The entries below must be reproduced exactly; their pictures are not part of the copy.

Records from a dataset
******
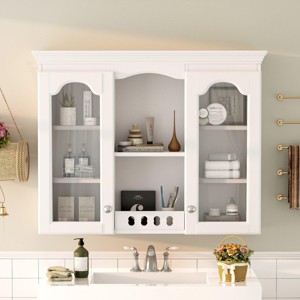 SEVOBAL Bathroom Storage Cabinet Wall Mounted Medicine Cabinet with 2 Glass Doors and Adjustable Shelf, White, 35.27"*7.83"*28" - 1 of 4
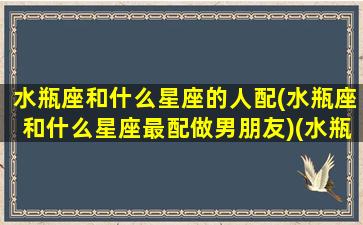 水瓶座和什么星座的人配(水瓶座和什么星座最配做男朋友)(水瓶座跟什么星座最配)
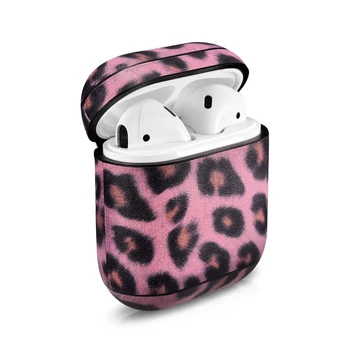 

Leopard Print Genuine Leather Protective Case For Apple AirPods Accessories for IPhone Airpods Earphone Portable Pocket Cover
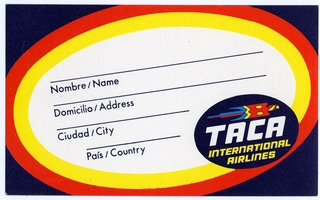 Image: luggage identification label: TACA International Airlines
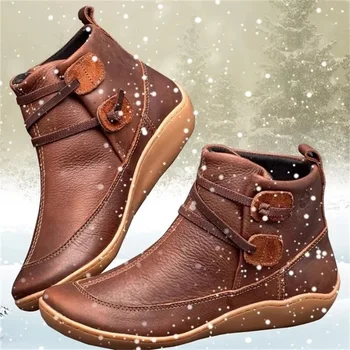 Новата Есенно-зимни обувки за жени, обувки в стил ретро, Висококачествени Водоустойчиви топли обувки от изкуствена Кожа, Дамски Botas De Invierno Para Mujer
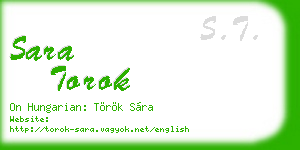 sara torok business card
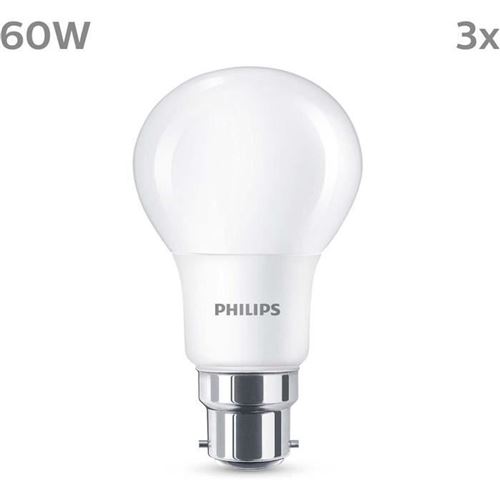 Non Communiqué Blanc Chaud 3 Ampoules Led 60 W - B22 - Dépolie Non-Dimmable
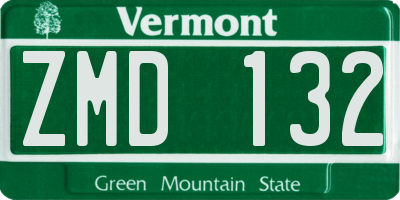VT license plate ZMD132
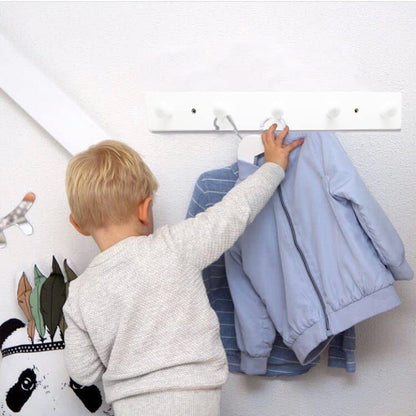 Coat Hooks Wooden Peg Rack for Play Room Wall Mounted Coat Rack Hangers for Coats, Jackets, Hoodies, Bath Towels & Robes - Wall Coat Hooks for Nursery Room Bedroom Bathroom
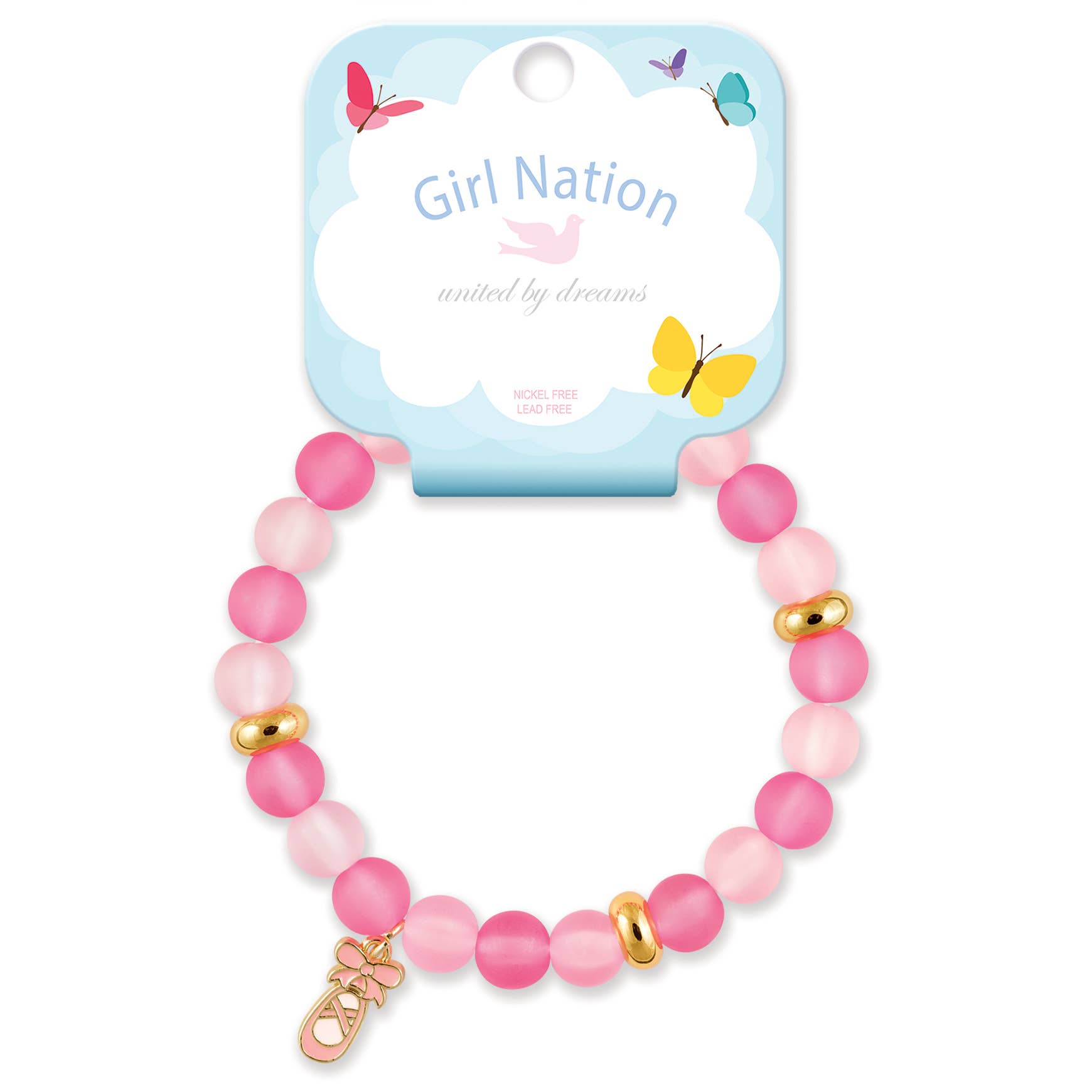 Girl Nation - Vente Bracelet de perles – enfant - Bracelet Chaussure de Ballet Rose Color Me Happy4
******
Your solution:
 SEVOBAL Bathroom Storage Cabinet Wall Mounted Medicine Cabinet with 2 Glass Doors and Adjustable Shelf, White, 35.27"*7.83"*28" - 1 of 4
 水瓶座和什么星座的人配(水瓶座和什么星座最配做男朋友)(水瓶座跟什么星座最配)

Leopard Print Genuine Leather Protective Case For Apple AirPods Accessories for IPhone Airpods Earphone Portable Pocket Cover
 Image: luggage identification label: TACA International Airlines
 Новата Есенно-зимни обувки за жени, обувки в стил ретро, Висококачествени Водоустойчиви топли обувки от изкуствена Кожа, Дамски Botas De Invierno Para Mujer
 sara torok business card
 Non Communiqué Blanc Chaud 3 Ampoules Led 60 W - B22 - Dépolie Non-Dimmable
VT license plate ZMD132
 Coat Hooks Wooden Peg Rack for Play Room Wall Mounted Coat Rack Hangers for Coats, Jackets, Hoodies, Bath Towels & Robes - Wall Coat Hooks for Nursery Room Bedroom Bathroom
 Girl Nation - Vente Bracelet de perles – enfant - Bracelet Chaussure de Ballet Rose Color Me Happy4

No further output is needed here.